[Captioned web images]
● ● ● ● ● ● ●
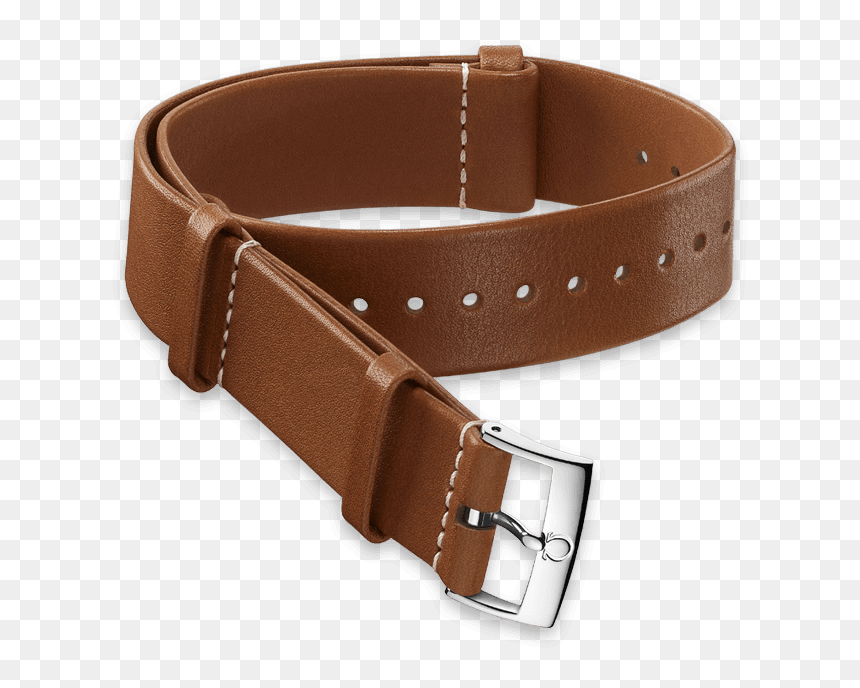 Leather Nato 20mm Omega, HD Png Download - faixa dourada png
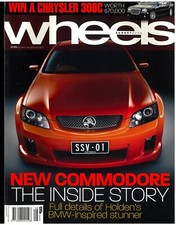 Wheels car magazine august - car,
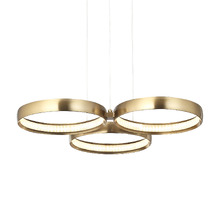 Clara Steel LED 3 Light Pendant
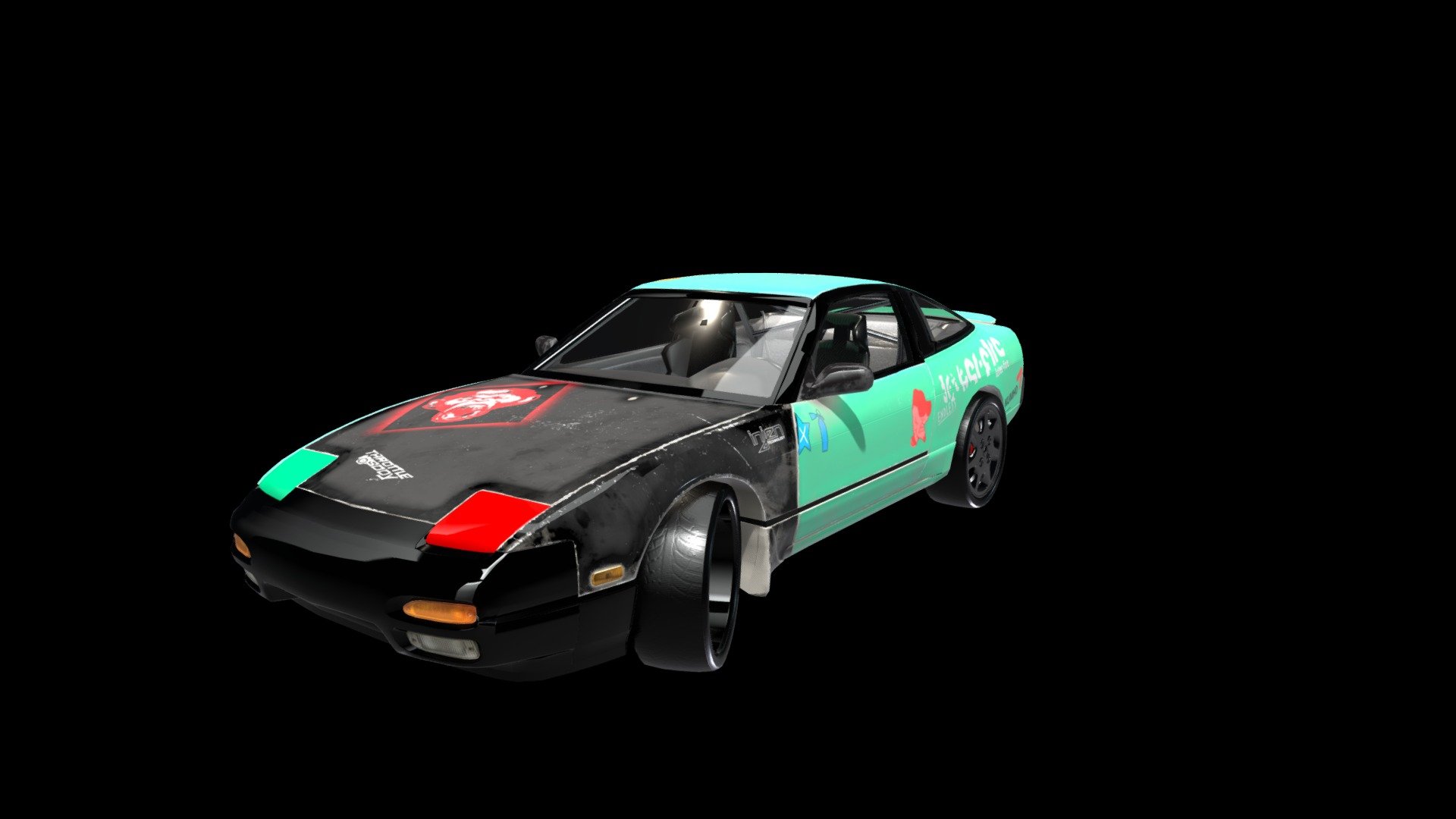1993 Nissan 240SX (RPS13) - Download Free 3D model by DisneyCars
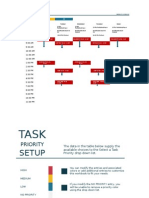 Weekly Schedule and Task Priorities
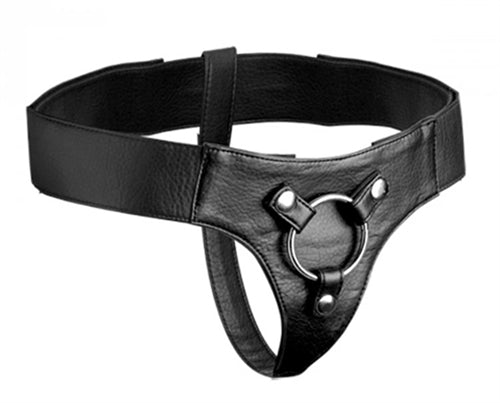 Domina Adjustable Wide Band Strap on Harness | 848518015389 | Discreet Personal Wellness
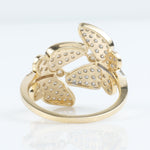 Load image into Gallery viewer, Butterfly Diamond Cocktail Ring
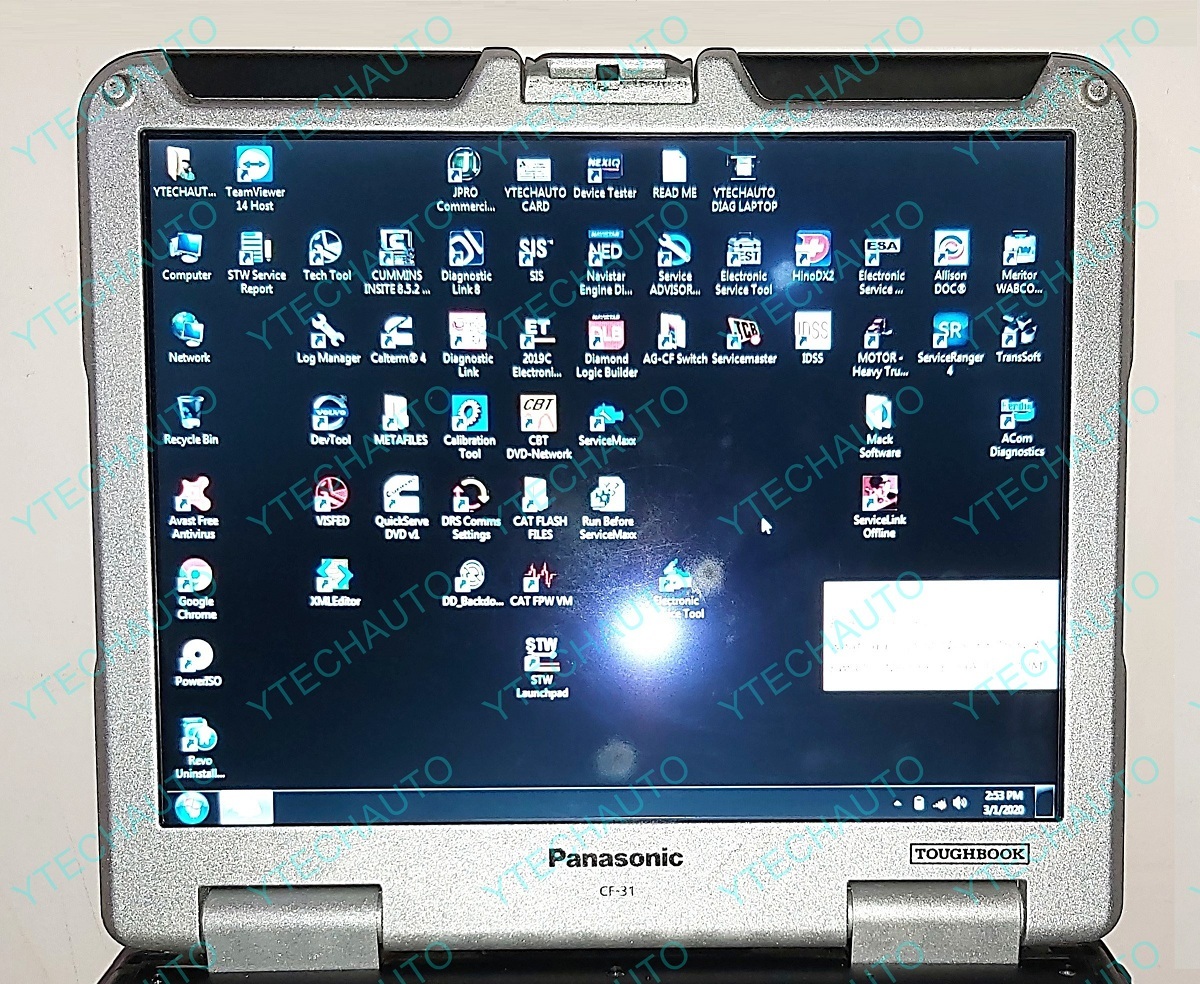 [2020] YTechAuto Diagnostic Diesel Laptop For Trucks, Engines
● ● ● ● ● ● ●
## TASK DETAILS:
The entries are to be transcribed word for word, without their images.

## ANSWER FOR THIS EXERCISE:
 Leather Nato 20mm Omega, HD Png Download - faixa dourada png
 Wheels car magazine august - car,
 Clara Steel LED 3 Light Pendant
1993 Nissan 240SX (RPS13) - Download Free 3D model by DisneyCars
 Weekly Schedule and Task Priorities
 Domina Adjustable Wide Band Strap on Harness | 848518015389 | Discreet Personal Wellness
 Load image into Gallery viewer, Butterfly Diamond Cocktail Ring
 [2020] YTechAuto Diagnostic Diesel Laptop For Trucks, Engines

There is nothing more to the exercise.